365 Films
Entry #68
Clockers (1995)
Directed by Spike Lee
One of my
favorite “Fuck Yeah, Spike” moments comes from the Do The Right Thing Criterion
DVD extras Some obnoxious stooge
masquerading as a journalist asks Mr. Lee why he chose not to portray the
rampant crack epidemic that “obviously” would have ravaged the Bed-Stuy
neighborhood from his film. He
answers the question with a question, (and I’m paraphrasing here) “Did you ask
the people who made Working Girl why there is no cocaine in their film?” A critic (I think it was Glenn Kenny’s
review of 25th Hour) once wrote that if Spike Lee ever made a
“perfect” film then it wouldn’t be worth watching. There is a line of reasoning in that assessment that is less
apologizing for Lee’s frequent indulgences and more asking us to give Mr. Lee
the respect of at least trying to figure out why he makes a particular choice
in his films. In my opinion, he
deserves that at least. This is
the thought that buzzed through my mind as I was re-watching Clockers, his 1995 adaptation of the
Richard Price novel. I vividly remember
seeing this in the theaters when I was eleven but the only characteristic that
lodged in my mind was the murder-mystery-police procedural aspect of it. What I had clearly forgotten was what a
great hang out movie Spike Lee had concocted. I’m not sure of the exact definition of a hang out movie but
to my mind, it best describes a piece where the pleasure of enjoying a group of
people sitting around and shooting the shit is worth the price of admission
alone. I don’t mean to simplify my
description of Clockers as some sort of light hearted romp, the film has plenty
of grim observations on its mind, but there is a gentle humanity running
through the way Lee and Price depict the ordinary lives of their
characters. Mekhi Phifer’s Strike
for instance is perhaps the only drug dealer in movie history most aptly
described as a distant relative of Charlie Brown. In fact, most of the film’s humor comes from the dismayed
and “good grief” type reactions splashed across Strike’s face as his various
conflicts begin to pile on top of one another. There are few other filmmakers working right now and back
then who would have made such a bold choice with a character who could have
very easily slipped into the void of hackneyed cliché. This is also one of the very few Spike
Lee movies (and nothing against those that practice this particular technique),
where the film does not stop dead in its tracks for a character to deliver a
politically charged soliloquy that sounds like an Op-Ed piece written by Mr.
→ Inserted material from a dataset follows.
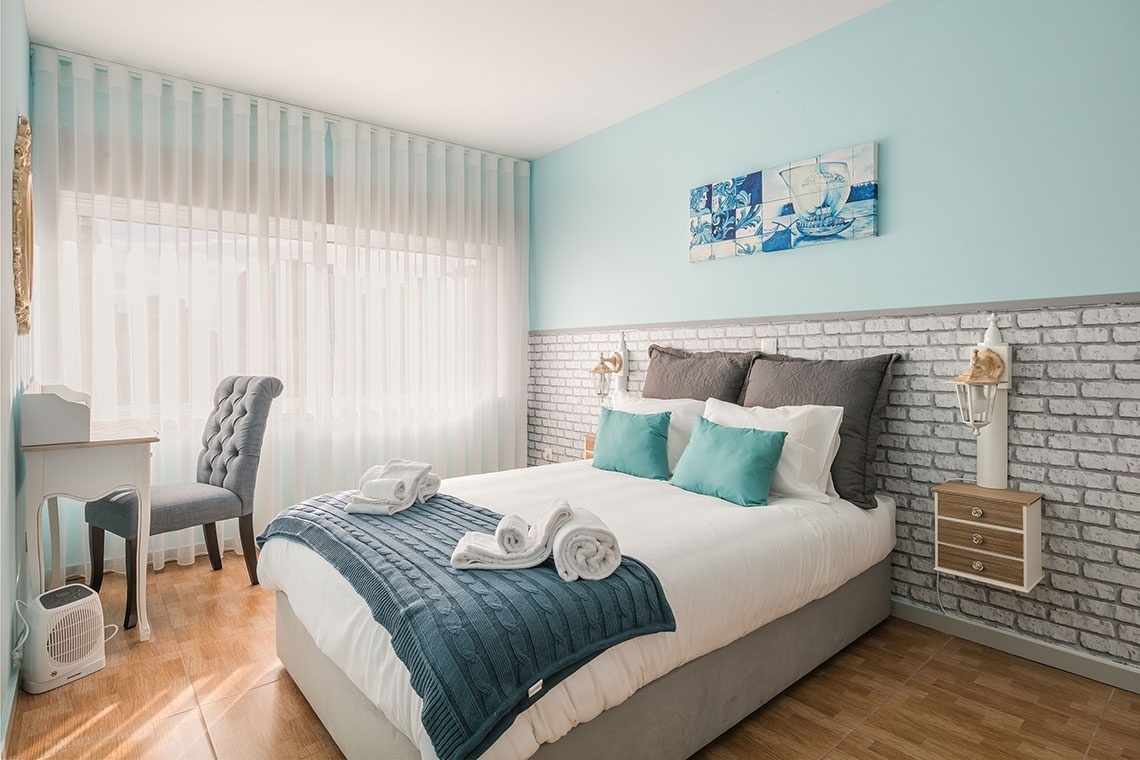 um quarto com parede de tijolos e uma cama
Lee. Like his best films, the
critiques on the prejudices and horrifying institutional indifference of this
country towards young Black men are told more from an observant point of
view. Strike is definitely the
victim of his circumstances but in a lot of ways he’s also the perpetrator. His anguished pleas for “Mommy” at the
end of the film when he gets the beat down that had been promised to him since
the very beginning are at once pathetic and subtly moving. Lee has always been fascinated by the
way people operate within and without their particular ancestral groups, and
there isn’t a city on this planet where this happens with more urgency and
velocity than in New York. Yet so often
these portraits are saddled with simplified descriptive terms that reduce them bullet
points through which people may argue their own opinions with Mr. Lee. Clockers is a deeply rich and full
bodied retort to the blatant cynicism on display from the homicide detectives
when handling one of the many corpses that comes across their path. Mr. Lee asks us to look past the flat
chalk outline and see the genuine human being it once was.